The Wonder is a 2022 psychological period drama film directed by Sebastián Lelio and based on Emma Donoghue’s 2016 novel of the same name. The screenplay was written by Donoghue, Lelio, and Alice Birch. Tom Burke, Elaine Cassidy, Kla Lord Cassidy, Niamh Algar, Toby Jones, and Ciarán Hinds are also in the cast. Florence Pugh is in charge of the whole group. The Wonder was first shown to the public at the Telluride Film Festival on September 2, 2022. On November 2, 2022, it was shown in a few theatres, and on November 16, 2022, it was available to stream on Netflix.  For a detailed explanation of everything that happened in ‘The Wonder’ Movie continue reading the recap at tvacute.com.

If you just saw The Wonder now that it’s available to stream on Netflix, you might be wondering about that unexpected conclusion. Sebastián Lelio’s psychological thriller begs you to trust in the storytelling medium’s ability to shape reality. As an illustration, the little girl Pugh’s Nurse Lib Wright met claims to be able to survive without food, but in reality, someone may be making up an amazing tale. Let’s briefly go through The Wonder’s ideas, what proves to be true in the novel, and why the opening and ending are so peculiar.

We hear eerie choral music as we observe the partially completed framework of a vintage two-story house. The camera sweeps across what looks to be a set lot at a movie studio that is crammed with tools and other set pieces. Then voiceover actor Niamh Algar says: “Hello. This is the start. The opening scene of the movie The Wonder. The individuals you’re going to meet, the characters, have a fierce loyalty to their tales. We ask you to believe in this story because without it, we would be nothing.”

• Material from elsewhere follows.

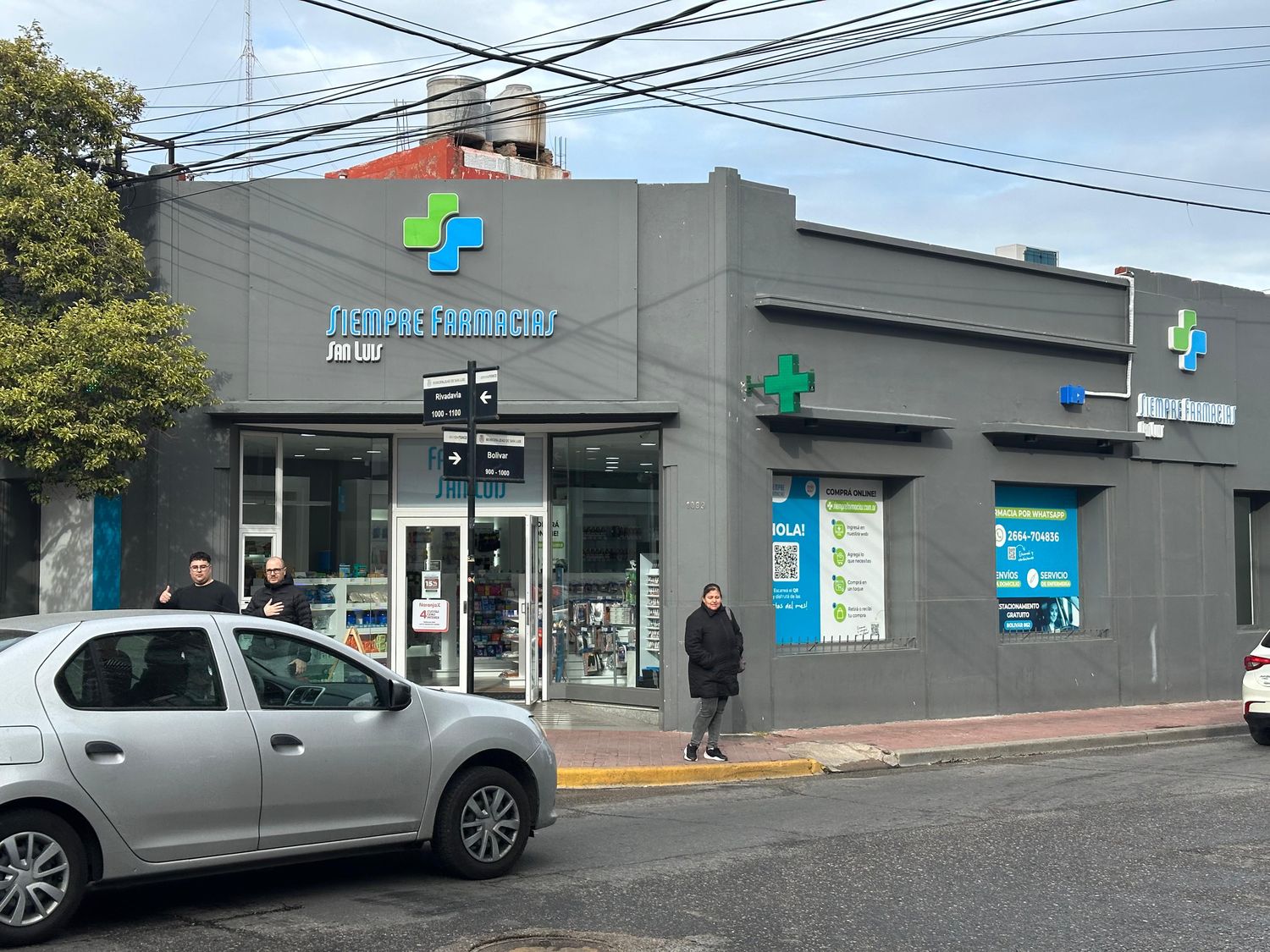Llevás dos, pagás uno: Siempre Farmacias causa furor por sus megaofertas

[Netflix]‘The Wonder’ Story

“The Wonder,” which is set in 1862 Ireland, depicts Nurse Lib Wright (Florence Pugh) as she arrives in a town to check on a child named Anna (Kla Lord Cassidy) who hasn’t eaten in four months but seems to be doing okay. To check how Anna is truly accomplishing this, a council of men—Dr. McBrearty, Sir Otway, Father Thaddeus, John Flynn, and Seán Ryan—put Lib and Sister Michael on eight-hour shifts. It is forbidden for Lib and Michael to discuss their conclusions with one another in order for their evaluation of the scenario to be as unbiased as possible. The start of Lib’s watch is routine as she observes Anna and passively records all she sees. However, Lib is skeptical because of her parents’ close proximity to her and the regular appointments she has with guests who travel great distances to see her and donate to the cause. So, pretending to acquire a correct reading, she stops Anna’s appointments with her parents and other strangers. And that’s precisely when things begin to deteriorate. The way the tale is framed also prepares us to recognize the entrancing power of literature; before long, you’re lost in the creaking, drippy, smoky world of the ship and Nurse Wright’s voyage, a journey the narrator has asked us to believe in.

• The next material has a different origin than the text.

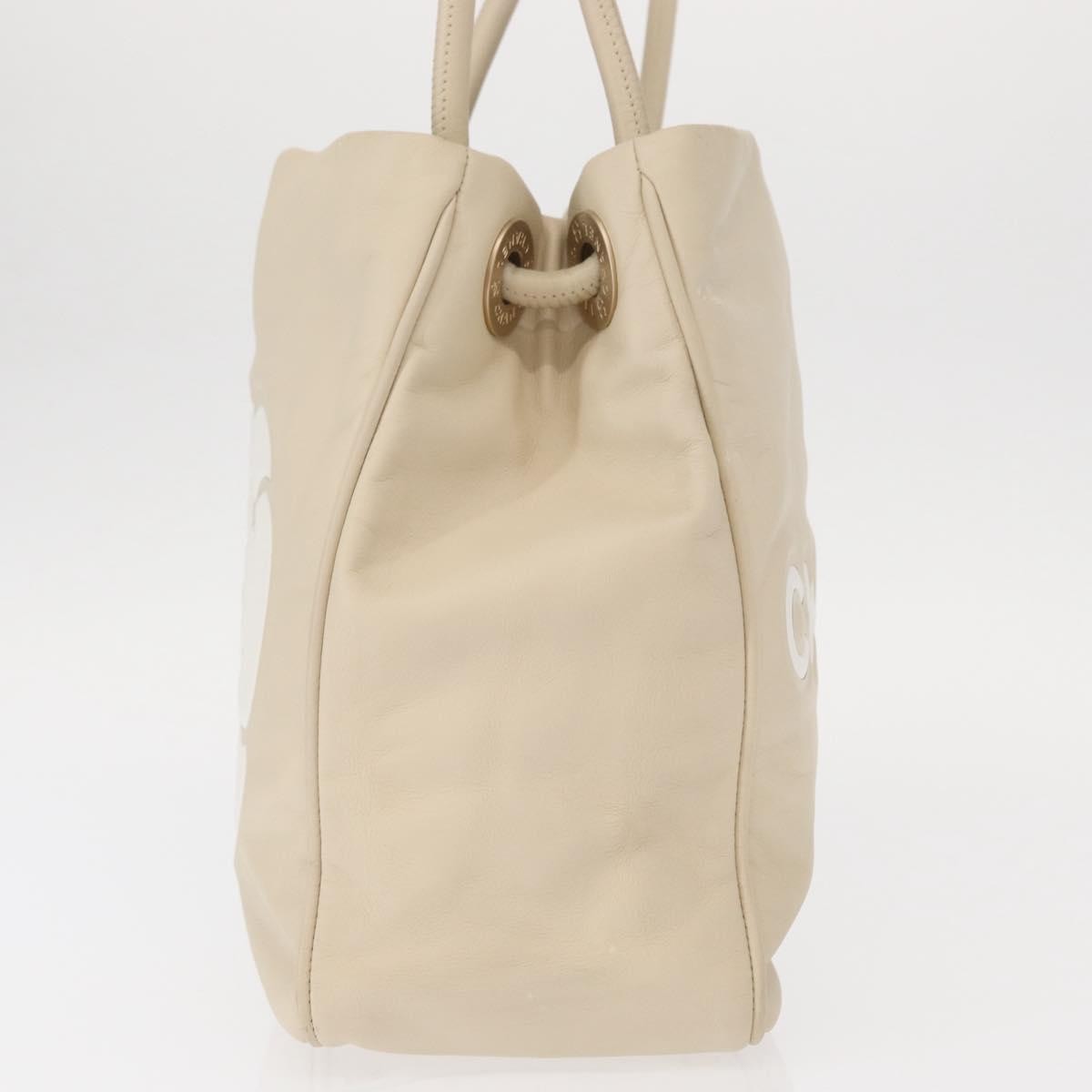 Chanel Camellia Tote Beige Leather Good condition - Model View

What beverage does Nurse Wright have each evening?

Nurse Wright’s dependence on what appears to be liquid opioids is another representation of what is real and what isn’t. The night could be a means for Nurse Wright to cope with the trauma she has experienced, including the loss of her infant daughter and the subsequent breakup of her marriage. She could prick her finger to see whether she’s still alive, or she might do it intentionally to injure herself. The practice appears to make Nurse Wright’s grasp on reality even more shaky in the midst of the pressures of her current position.

Anna doesn’t actually need to eat, is it true?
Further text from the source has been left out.